> **Activity**
Write out exactly the lines below starting at the one containing "Villages very close" and ending at the one containing "Breathable Bamboo Grey Boxers 3 Pack". Omit every picture.

> **Data shown**
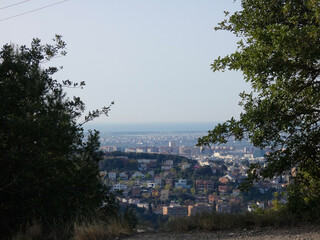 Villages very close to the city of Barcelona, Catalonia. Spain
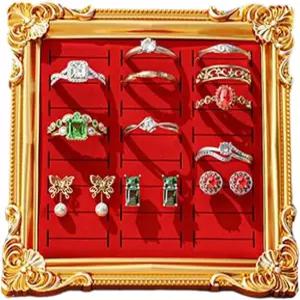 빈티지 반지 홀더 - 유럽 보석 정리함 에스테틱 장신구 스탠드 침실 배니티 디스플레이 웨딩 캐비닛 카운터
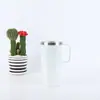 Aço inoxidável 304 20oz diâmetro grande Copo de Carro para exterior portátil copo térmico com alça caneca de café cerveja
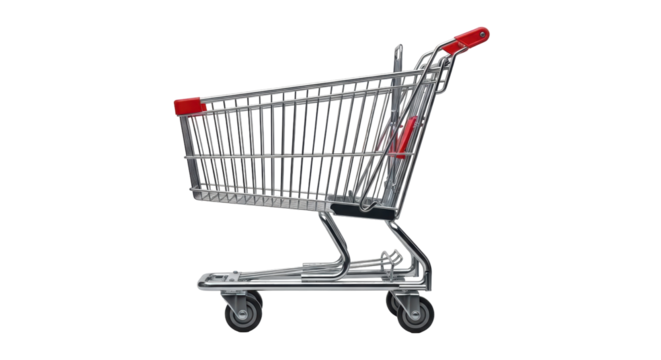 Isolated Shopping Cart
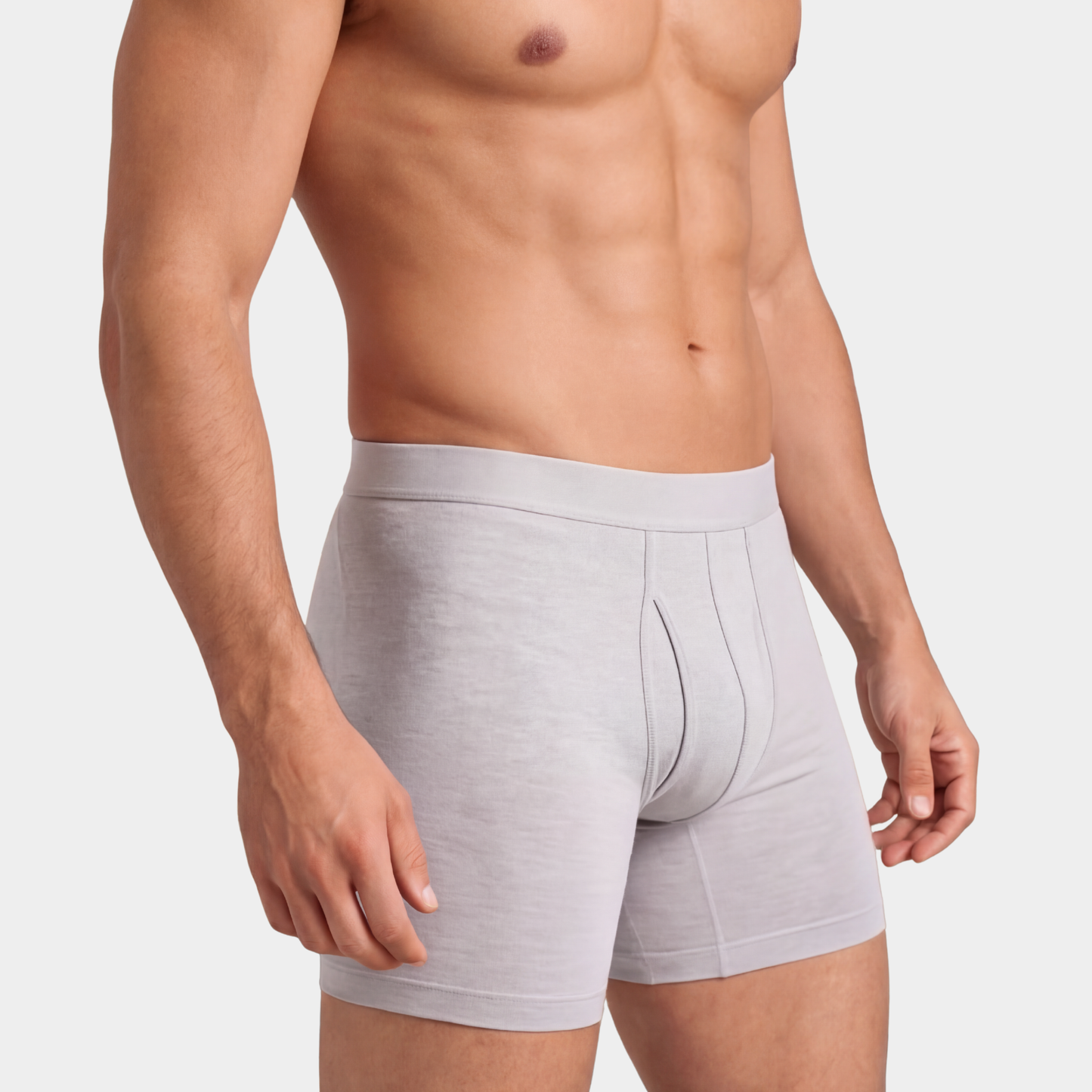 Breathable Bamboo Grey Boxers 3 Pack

==

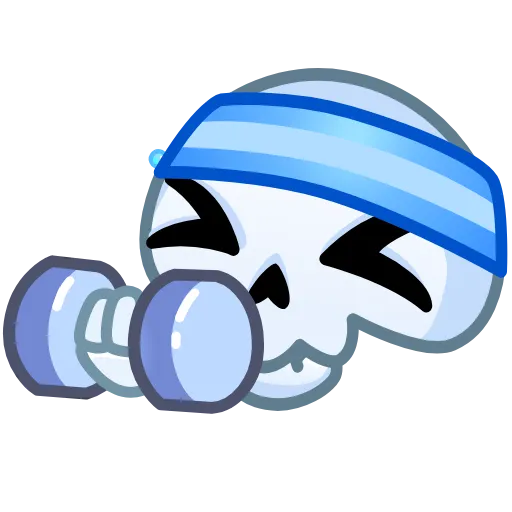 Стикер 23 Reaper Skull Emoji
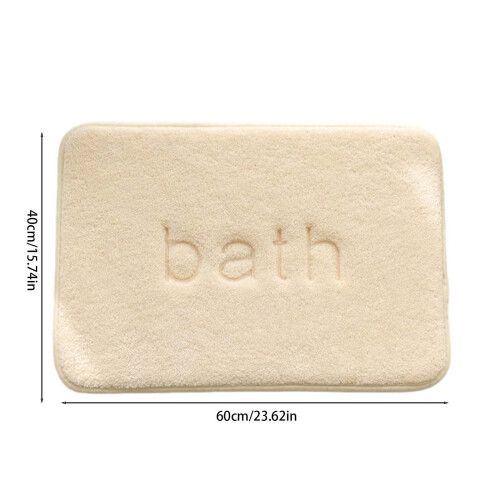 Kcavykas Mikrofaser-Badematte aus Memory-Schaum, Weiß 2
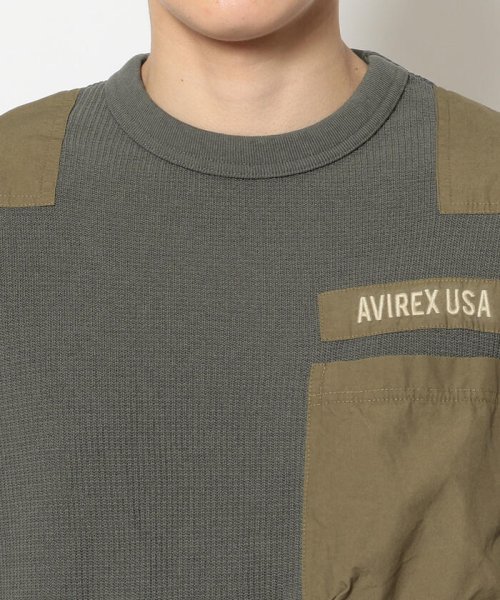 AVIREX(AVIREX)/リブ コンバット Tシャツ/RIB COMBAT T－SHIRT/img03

---

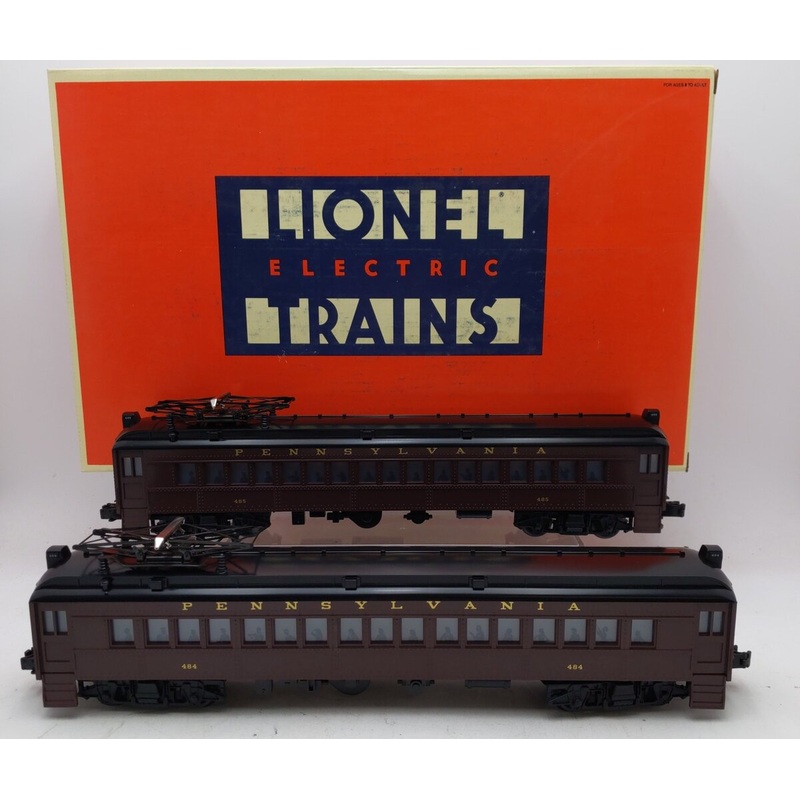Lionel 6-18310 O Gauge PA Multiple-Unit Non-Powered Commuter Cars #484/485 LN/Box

> **Solution**
 Villages very close to the city of Barcelona, Catalonia. Spain
 빈티지 반지 홀더 - 유럽 보석 정리함 에스테틱 장신구 스탠드 침실 배니티 디스플레이 웨딩 캐비닛 카운터
 Aço inoxidável 304 20oz diâmetro grande Copo de Carro para exterior portátil copo térmico com alça caneca de café cerveja
 Isolated Shopping Cart
 Breathable Bamboo Grey Boxers 3 Pack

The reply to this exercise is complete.